:: Exercise aim ::
Reproduce exactly, leaving out pictures, each line from the one holding "Crocheted hair clips" through the final line of the listing, and add nothing.

:: Source records ::
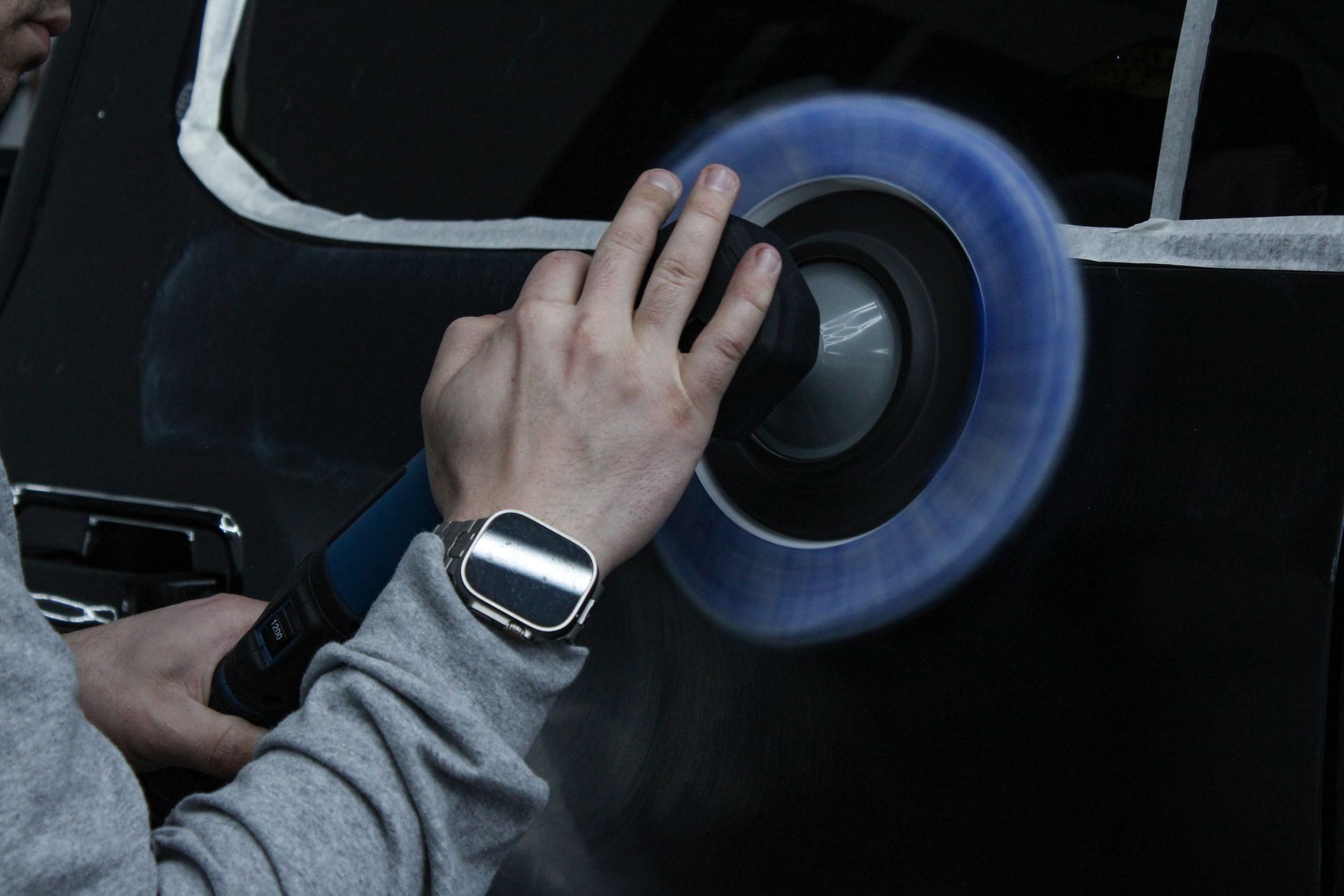 A person is polishing the back of a blue car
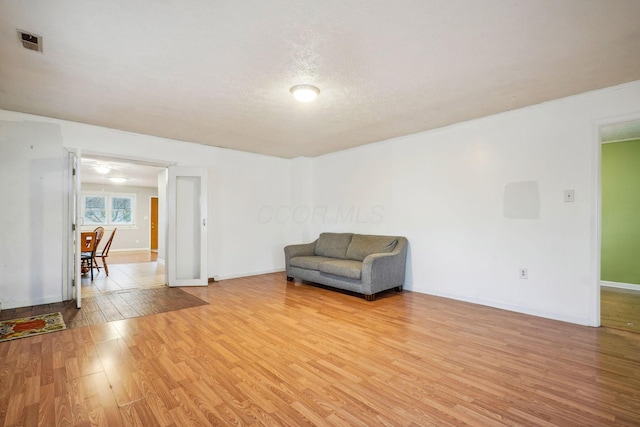 unfurnished room featuring light hardwood / wood-style flooring and a textured ceiling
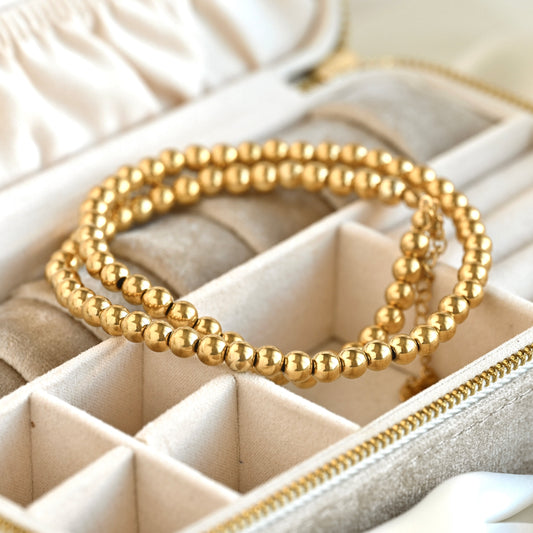 A gold beaded necklace resting inside a cream-colored jewelry organizer tray.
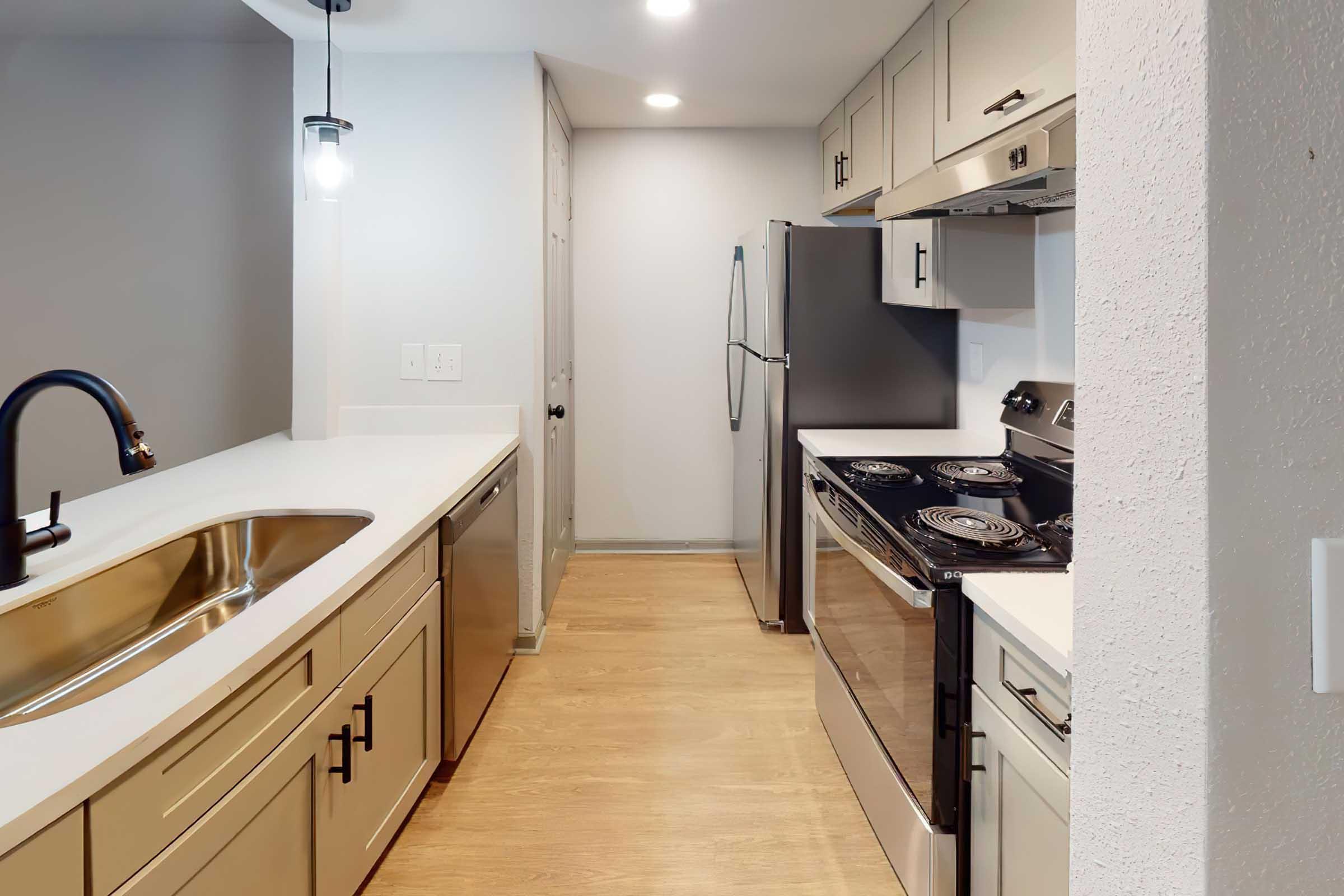 a kitchen with a stove sink and refrigerator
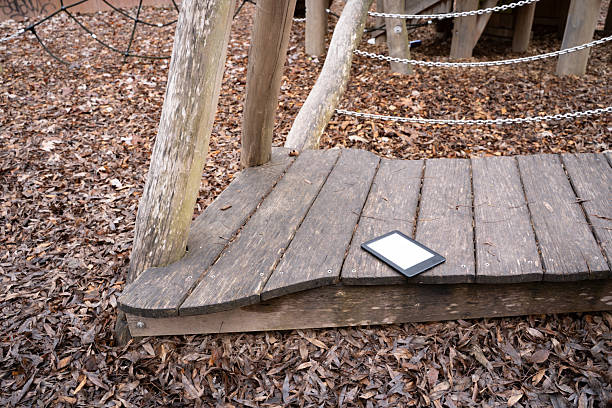 Ebook lying on a wooden playground structure outdoors. Everyday object in a casual setting, representing reading, learning, and leisure.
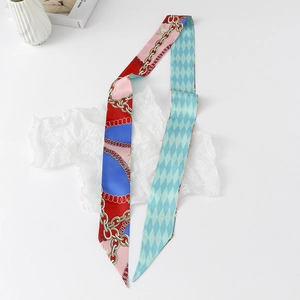 Macro detail of silk-like twilly scarf with golden chain pattern and argyle print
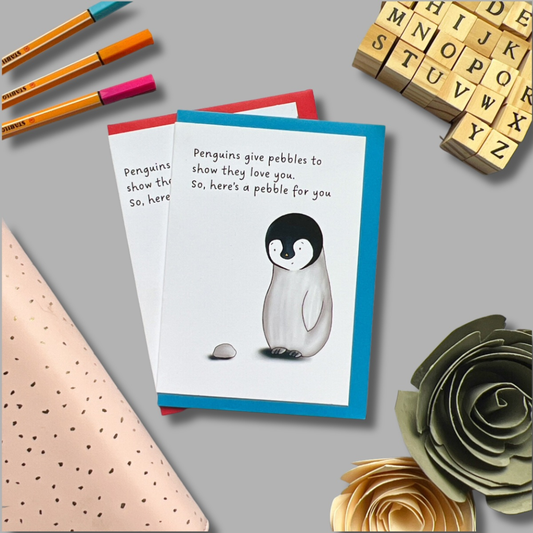 A desk featuring two "Penguin card" greeting cards with an image of a penguin giving a pebble, surrounded by colored pens, a wooden letter stamp set, biodegradable polka-dotted wrapping paper, and paper-crafted roses. The card text reads: "Penguins give pebbles to show love. So, here's a pebble for you.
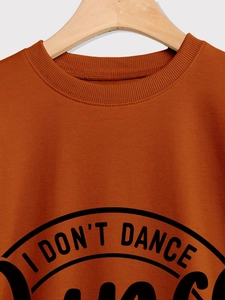 Detail of the ribbed crewneck and 'I DON'T DANCE' print on rust red sweatshirt
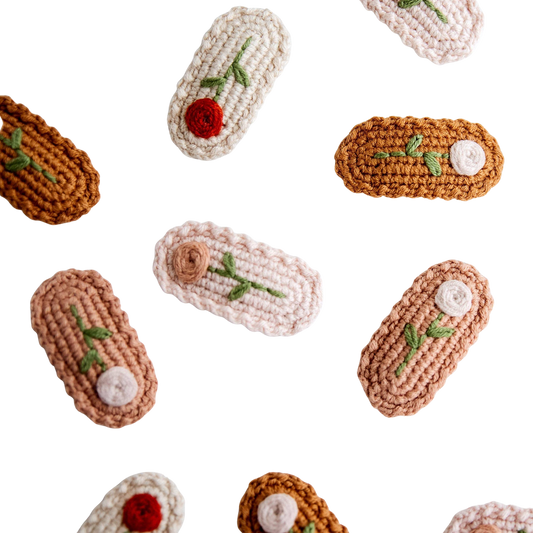 Crocheted hair clips with floral decorations on a light background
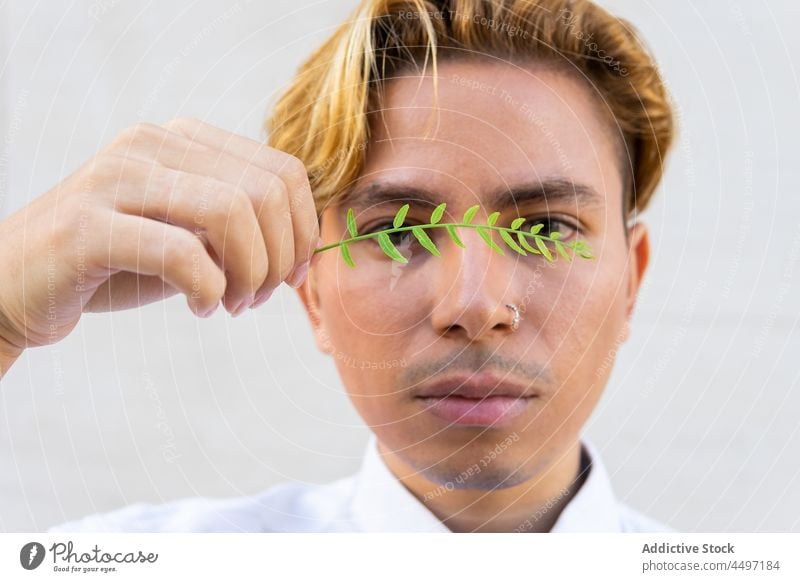 Hübscher Mann mit grünem Zweig Wand Pflanze Stil Flora Vegetation Straße Vorschein Kleidungsstück Gebäude Bekleidung Großstadt Starrer Blick gutaussehend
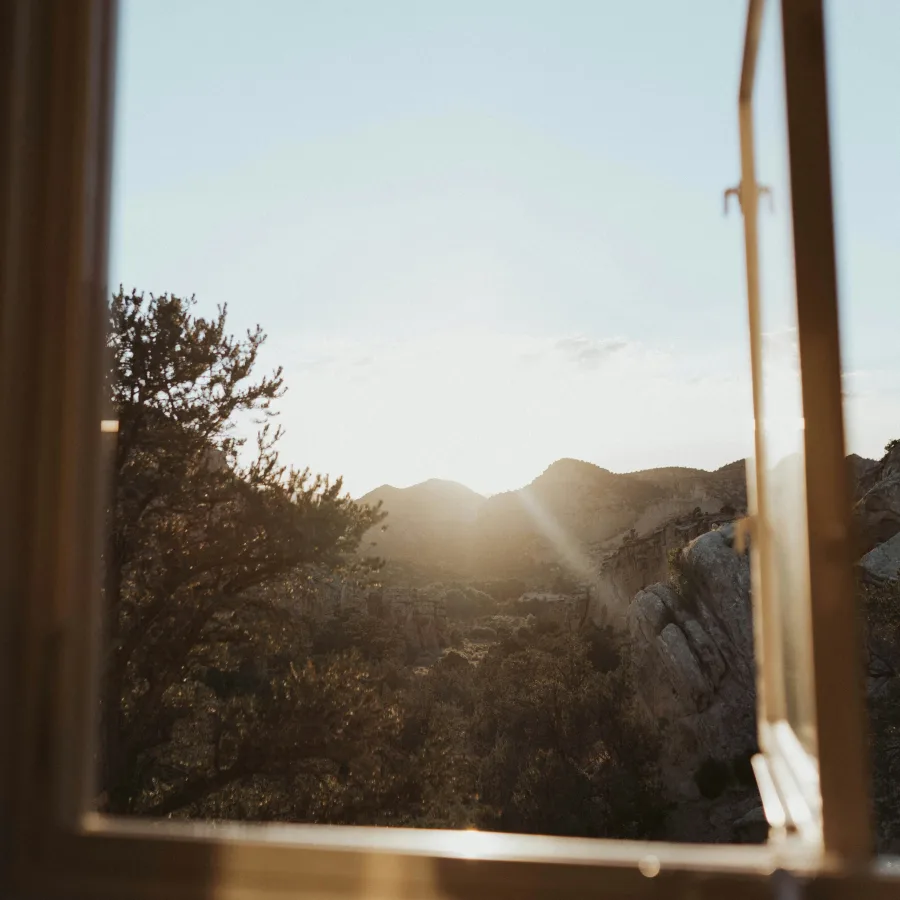 Window ajar with daylight coming into the room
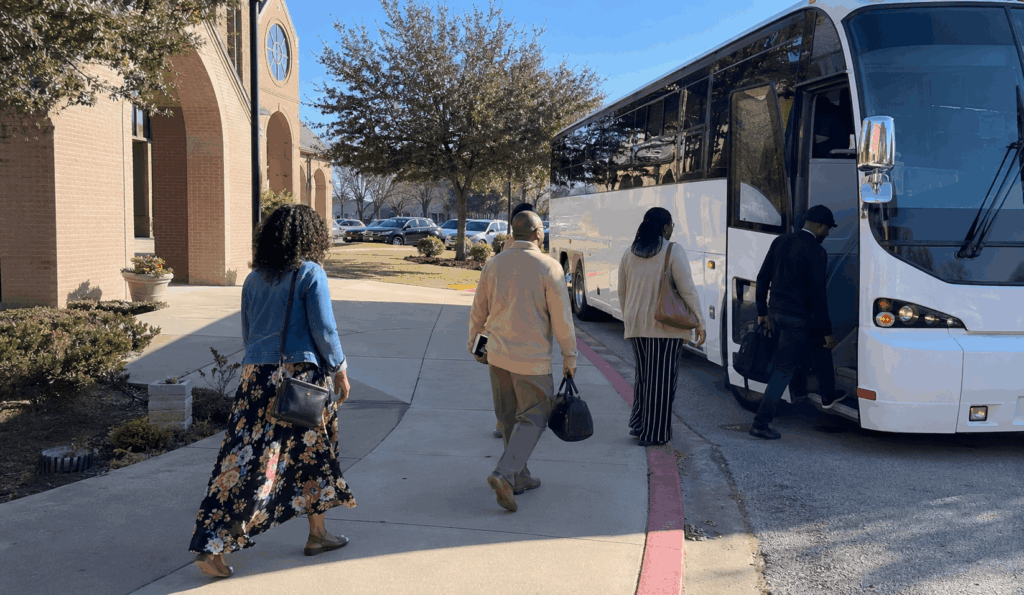 church group boarding a charter bus outside a fort worth church for a group trip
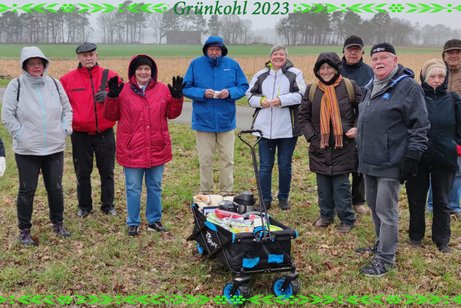 Warm angezogene Grünkohlwandergruppe mit Bollerwagen auf freiem Feld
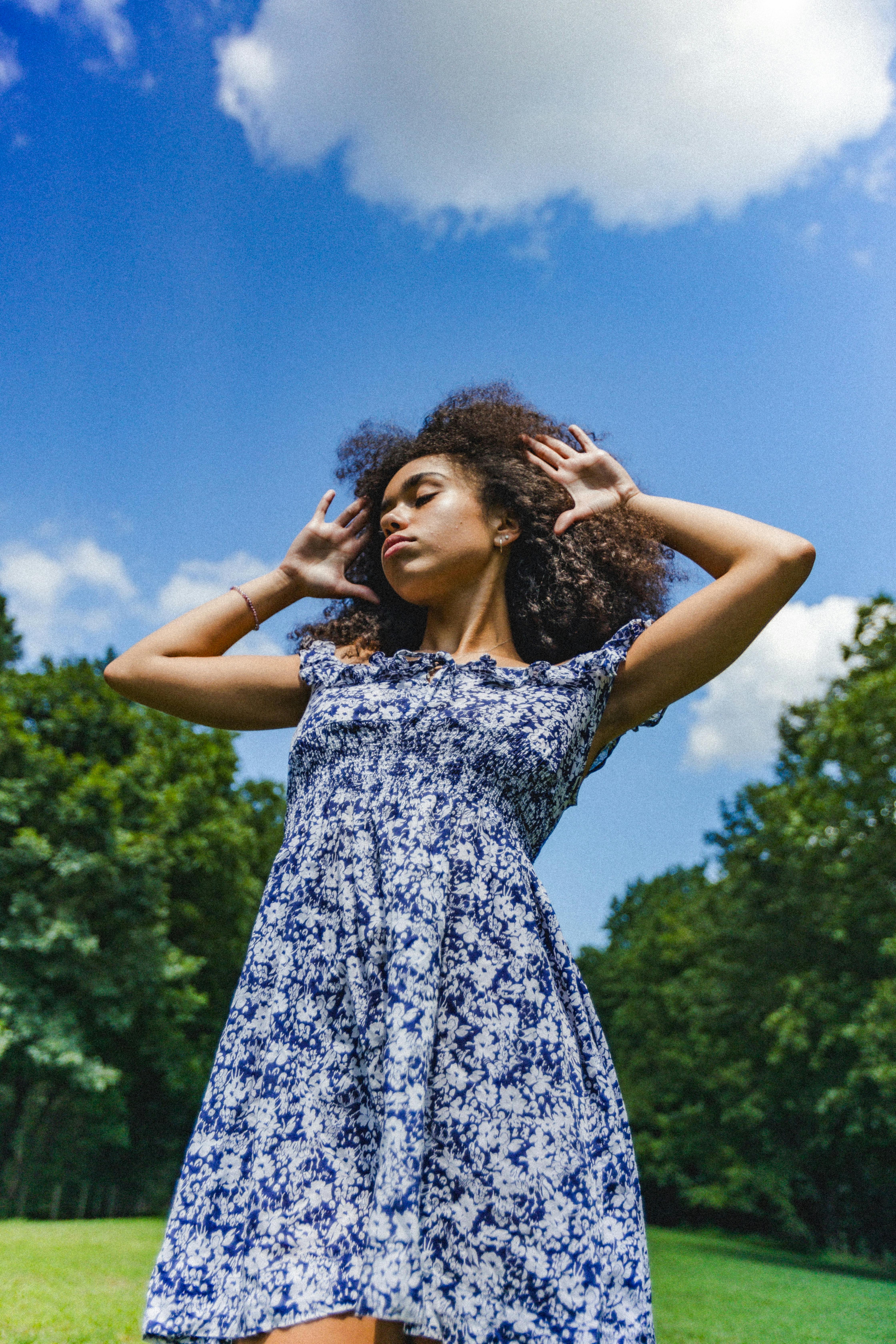 A carefree young woman enjoying a sunny day outdoors in a floral dress.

:: Response ::
 Crocheted hair clips with floral decorations on a light background
 Hübscher Mann mit grünem Zweig Wand Pflanze Stil Flora Vegetation Straße Vorschein Kleidungsstück Gebäude Bekleidung Großstadt Starrer Blick gutaussehend
 Window ajar with daylight coming into the room
 church group boarding a charter bus outside a fort worth church for a group trip
 Warm angezogene Grünkohlwandergruppe mit Bollerwagen auf freiem Feld
 A carefree young woman enjoying a sunny day outdoors in a floral dress.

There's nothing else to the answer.